ORena FOCUS Challenge

Data

ORena SAVE FOCUS training data is released in two batches and covers the full progression from FRAME to long-horizon PROCEDURE reasoning. VQA pairs are generated and quality-controlled by expert annotators, with access provided through Hugging Face and the ORena SAVE FOCUS Python package.

All Training Data

The ORena SAVE FOCUS training data covers two underlying datasets and is published in two releases, hosted on Hugging Face: HeiCo-FOCUS VQA and LapChole-FOCUS VQA. Both datasets can also be accessed conveniently through the ORena SAVE FOCUS Python package.

First Release

15,000

VQA pairs on HeiCo-FOCUS

Second Release

35,000

VQA pairs across both datasets

Total Videos

200

30 HeiCo + 170 LapChole

Total VQA Pairs

50,000

across all tracks and datasets

First Data Release

The first data release is based on the HeiCo dataset (Maier-Hein et al., 2021), consisting of 30 fully labeled Heidelberg colorectal surgery videos. It contains 15,000 VQA pairs covering five core capability groups: object recognition and identity matching, temporal grounding, aggregation, event and procedural understanding, and complex reasoning.

For the PROCEDURE Track, questions focus on reasoning over extended surgical video context, including persistent foreign object tracking, temporal grounding, aggregation over time, retrieval-status reasoning, and complex reasoning across objects, events, and time.

HeiCo-FOCUS was constructed through a rigorous multi-stage annotation pipeline involving large-scale annotation and 39 domain experts to ensure high quality and clinical relevance.
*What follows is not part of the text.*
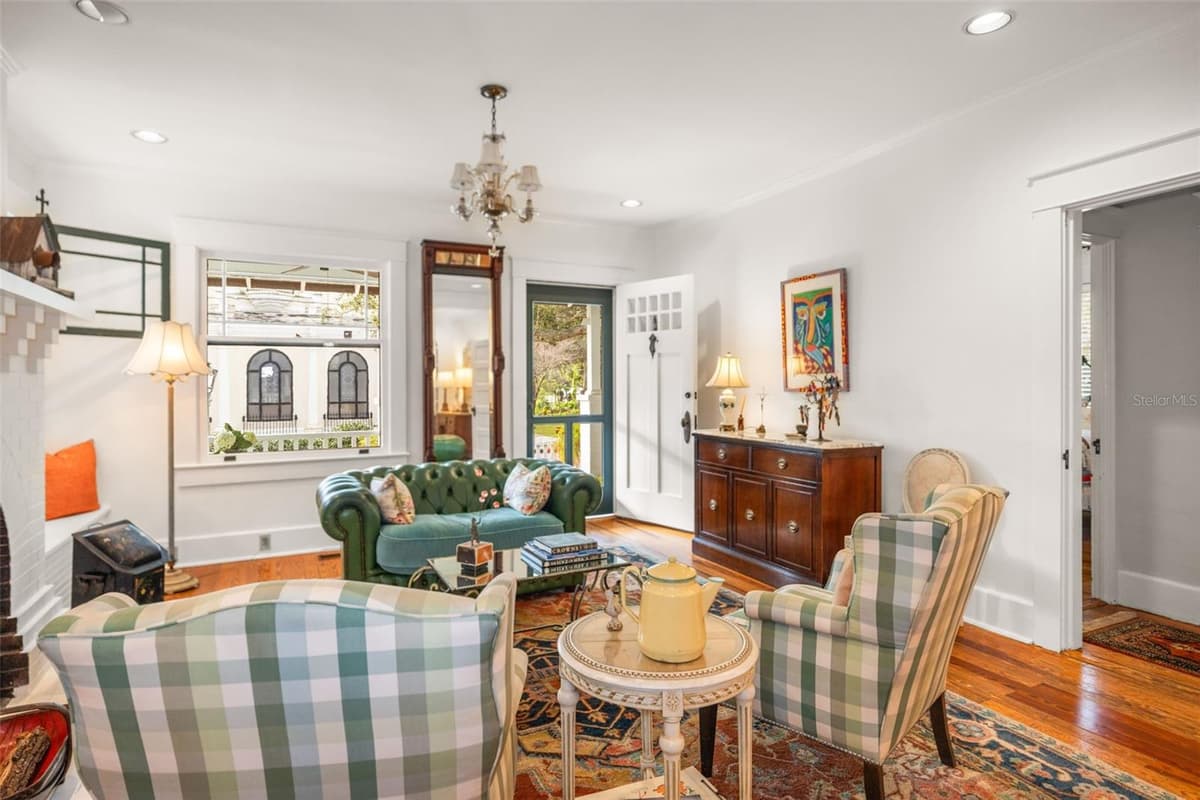 458 SCOTLAND STREET — photo 9 of 91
Extensive experiments show that current SOTA VLMs are still challenged strongly, especially on long-horizon PROCEDURE tasks.

FRAME

6,000 VQA pairs

SEGMENT

6,000 VQA pairs

PROCEDURE

3,000 VQA pairs

Figure 1: Overview of the HeiCo-FOCUS benchmark. Clinical motivation and dataset overview, including 96 hours of surgical video. Note: VQA pair counts shown reflect the first data release only.

Second Data Release

The second data release introduces the LapChole-FOCUS dataset — 170 laparoscopic cholecystectomy videos that have not been made public before — and additionally extends HeiCo-FOCUS with a further 15,000 questions following the same track distribution as the first release. Together, this release adds 35,000 VQA pairs, bringing the total to 50,000.

HeiCo-FOCUS Extension

An additional 15,000 VQA pairs on the 30 HeiCo colorectal surgery videos, following the same capability taxonomy as the first release.

FRAME

6,000 VQA pairs

SEGMENT

6,000 VQA pairs

PROCEDURE

3,000 VQA pairs

LapChole-FOCUS

20,000 VQA pairs on 170 laparoscopic cholecystectomy videos. Of these, 100 videos are fully annotated; the remaining 70 are unlabeled and provided as additional training material.

FRAME

8,000 VQA pairs

SEGMENT

8,000 VQA pairs

PROCEDURE

4,000 VQA pairs

Validation and Test Data

Test data will include 200 videos from a broad range of procedures, including cholecystectomies and additional procedure types. These test videos will not be conveyed to participants. Leaderboard validation data will include 20 additional videos representative of the test data.

Validation Set

FRAME

2,000 VQA pairs

SEGMENT

2,000 VQA pairs

PROCEDURE

1,000 VQA pairs

Test Set

FRAME

20,000 VQA pairs

SEGMENT

20,000 VQA pairs

PROCEDURE

10,000 VQA pairs

Taxonomy

The taxonomy defines the capability groups and sub-capabilities used to categorize VQA pairs across the ORena SAVE FOCUS Challenge. The FRAME Track focuses on sub-capabilities visible in a single image, while SEGMENT and PROCEDURE additionally cover temporal and long-context reasoning.

Figure 2: Shared taxonomy of capabilities across both datasets, with sample questions.